Misha Kahn: Soft Bodies, Hard Spaces

Misha Kahn opened his third solo exhibition at Friedman Benda last week and hosted my class in discussing the pieces, the process, the narrative, and what they mean. I was introduced to him at his first solo show four years ago. He was 27, created a space of chaos, full of tapestries, painted tiles, enormous chandeliers, furniture made in concrete and found materials, marking a new direction in the gallery towards presenting a new movement in contemporary design: surreal, colorful, irregular, emotional, poetic, object blurring the line between art and design.

As Kahn developed so did his production methods, and with a representation by the gallery Friedman Benda, everything is possible. Kahn’s work is now being collected by museums and private collectors interested in the most cutting-edge expression of contemporary design. The new exhibition, entitled ‘Soft Bodies, Hard Spaces’ marks the evolution of the vocabulary and the definition of a distinctive, signature style. The Chaos is there, the imagination, and so the adventure, while all informed by the theme softness, which is everywhere. Softness, to Kahn embodies us, people. Softness also marks an optimistic attitude for the goodness in the world.  

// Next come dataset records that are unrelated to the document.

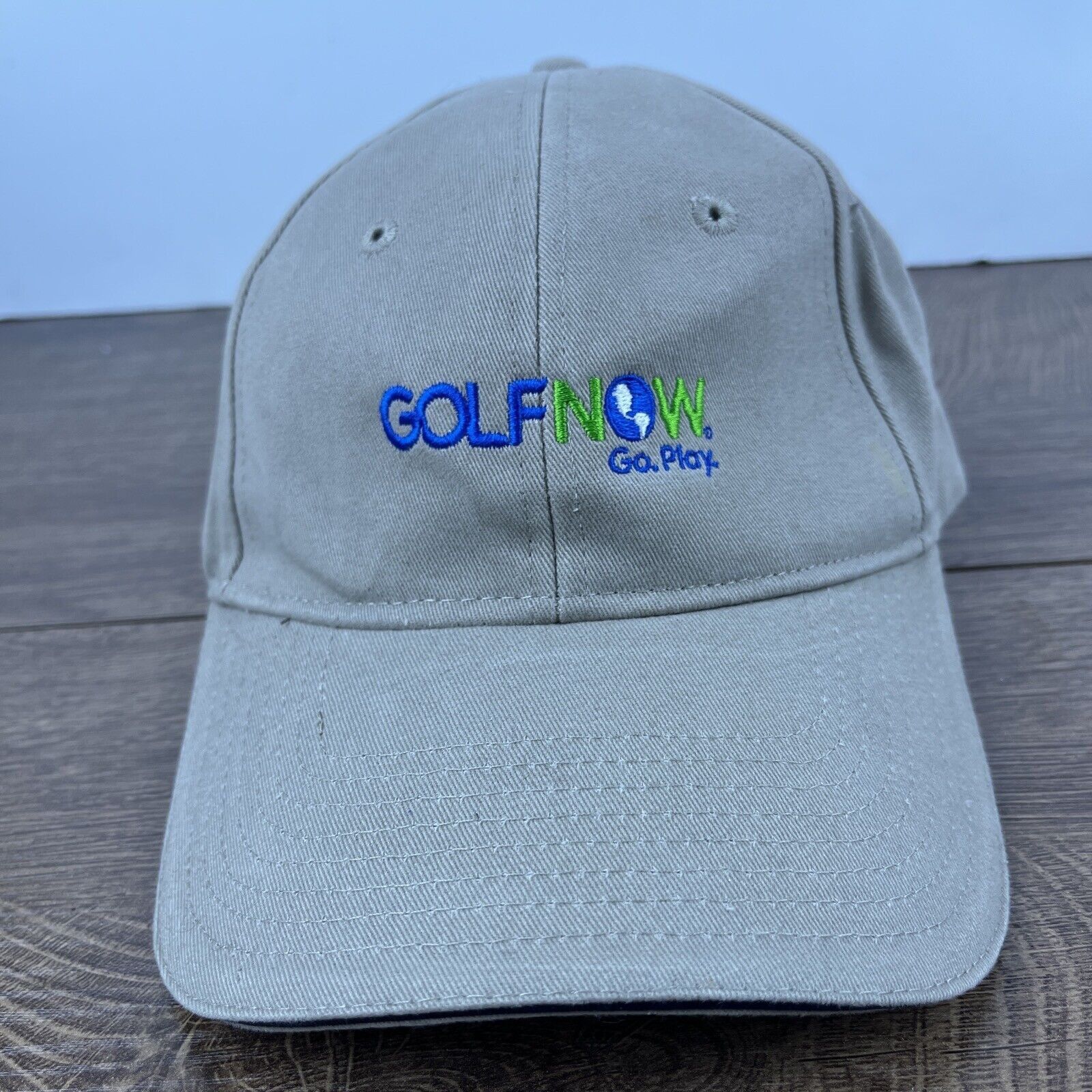 Other Golf Now Go Play Hat Golf Now Hat Tan Brown Hat Adjustable T Size ONE SIZE - 1 Thumbnail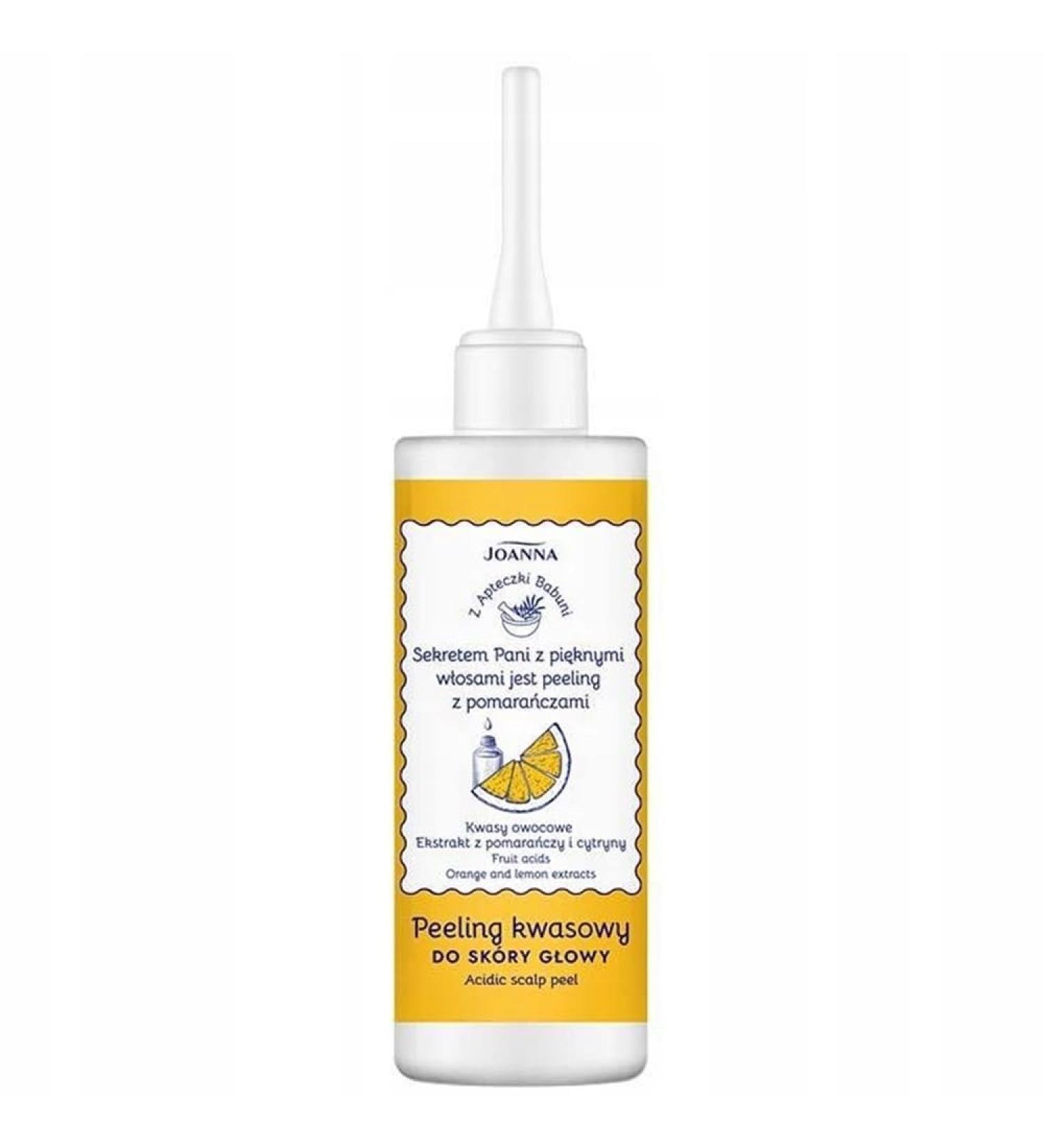 JOANNA De Trousse de premiers soins Babuni Peeling acide pour cuir chevelu 150ml
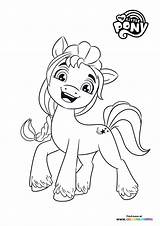 Izzy Moonbow Apps Posing Bridlewood Equestria Hasbro sketch template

The visit to the show with Kahn was rewarding. In his personal, open, candid style, he spoke about the process of creating this ambitious show, about the obstacles, experimentation, teaching us all how to better engage with his objects. Each of them has its own story, not only for what it says, but also for the way it was fabricated. Glass, wood, bronze, fiberglass, ceramics, textile, are all used in his own way in creating interlocking forms and objects of fantasy. There are many wonderful pieces here, and I particularly loved the room divider (above), which resulted from a recent residency at Corning Glass, where free-formed blocks of colorful glass were fitted into an irregular skeleton cast in aluminum. For my, the wooden table is the least successful piece in the show, as I sense that Kahn’s vocabulary is better expressed in fiberglass, metal, stone, and glass.  
 
One of the most touching components of Kahn’s work is the fresh, almost naïve way in which he thinks about materials and processes, where each piece is resolved individually, and then comes to play a role in the whole story. He demonstrates that creating design today has to come from within, that it has to represent originality and uncommonness, that the visible is only one layer in the way we should engage with his objects. And what seems ‘fun’ at first sight, is actually a product of long research, of endless experimentation, of taking risks, and of thinking outside of the box.
 
The exhibition is open at Friedman Benda through April 4.